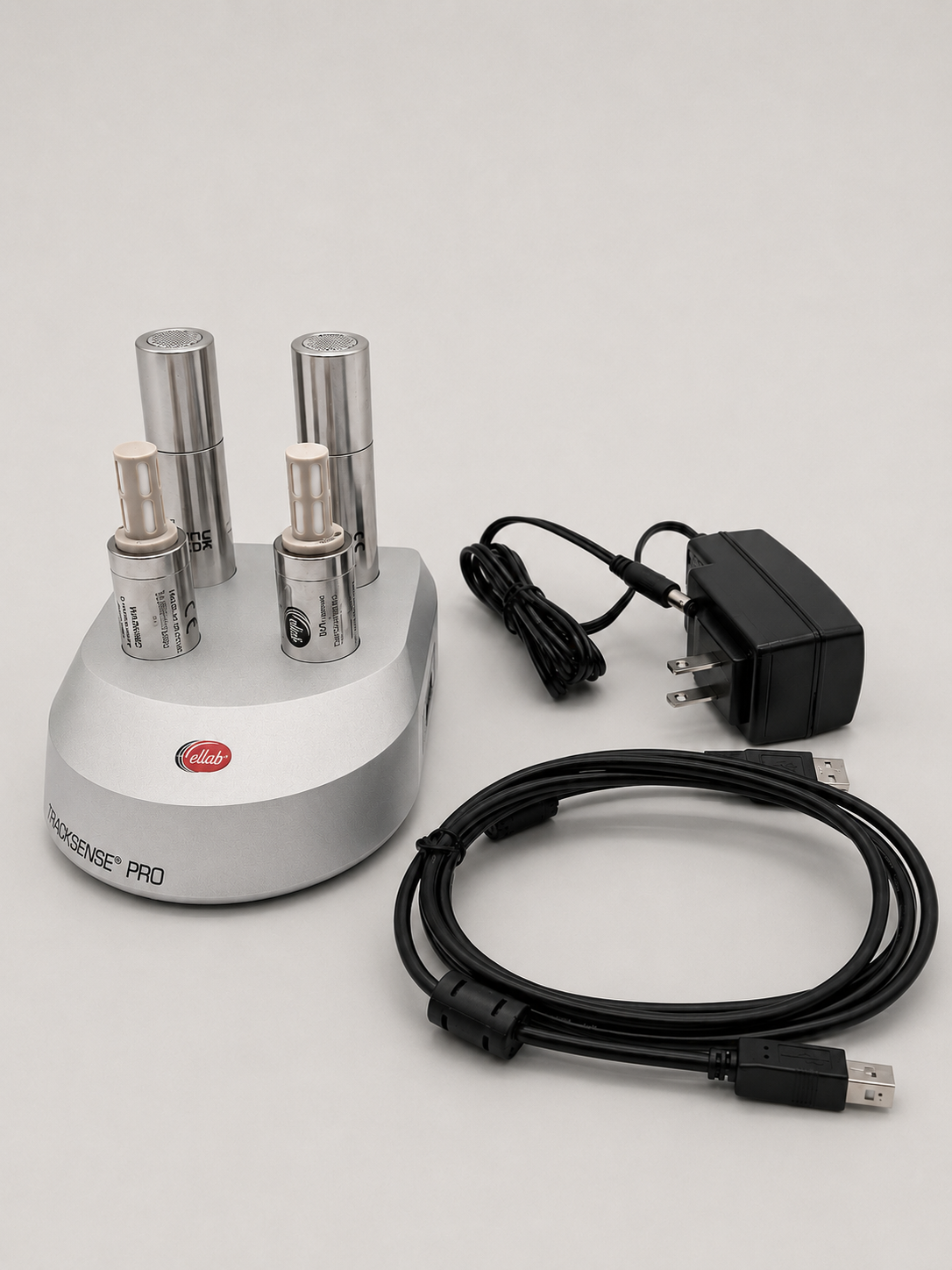 TrackSense Pro validation equipment with stainless steel sensors, USB cable, and power adapter.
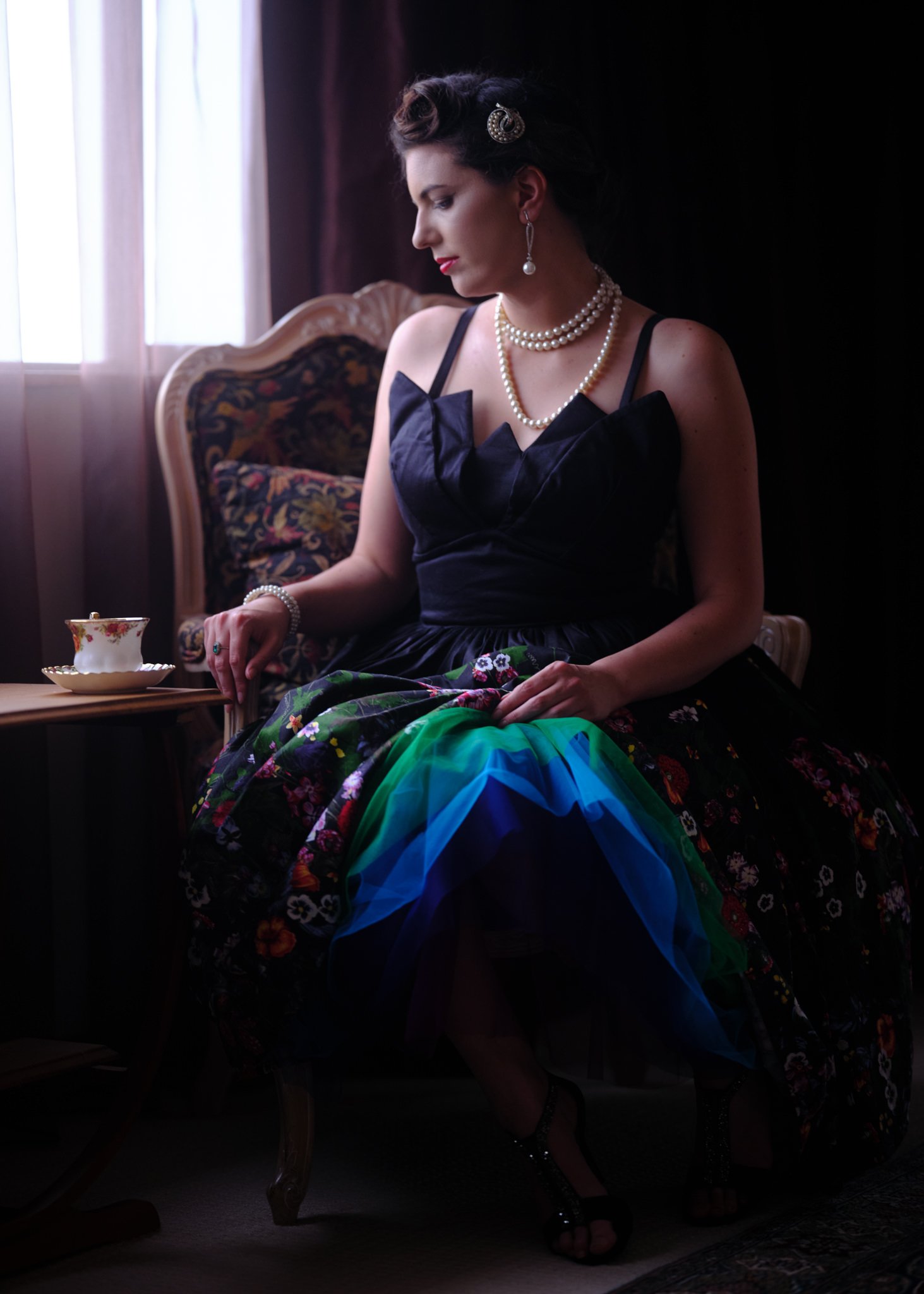 A woman in pearls and a colourful skirt taking tea by a window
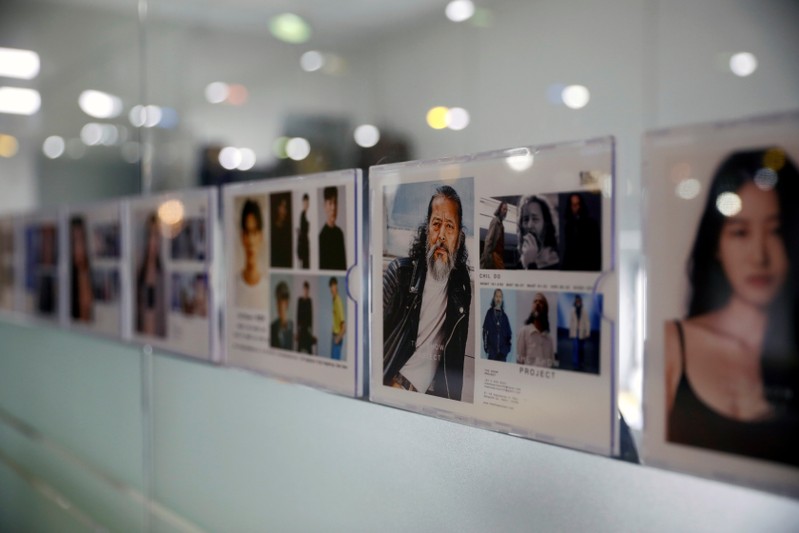 Profile picture of South Korean senior model Kim Chil-doo, 65-years-old, hangs on a glass wall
------------------------------------------------------------------------
TASK DETAILS: Everything from the line containing "A woman in pearls" to the last line of the listing above must be reproduced exactly, with no pictures included.

SOLUTION FOR THIS EXERCISE:
 A woman in pearls and a colourful skirt taking tea by a window
 Profile picture of South Korean senior model Kim Chil-doo, 65-years-old, hangs on a glass wall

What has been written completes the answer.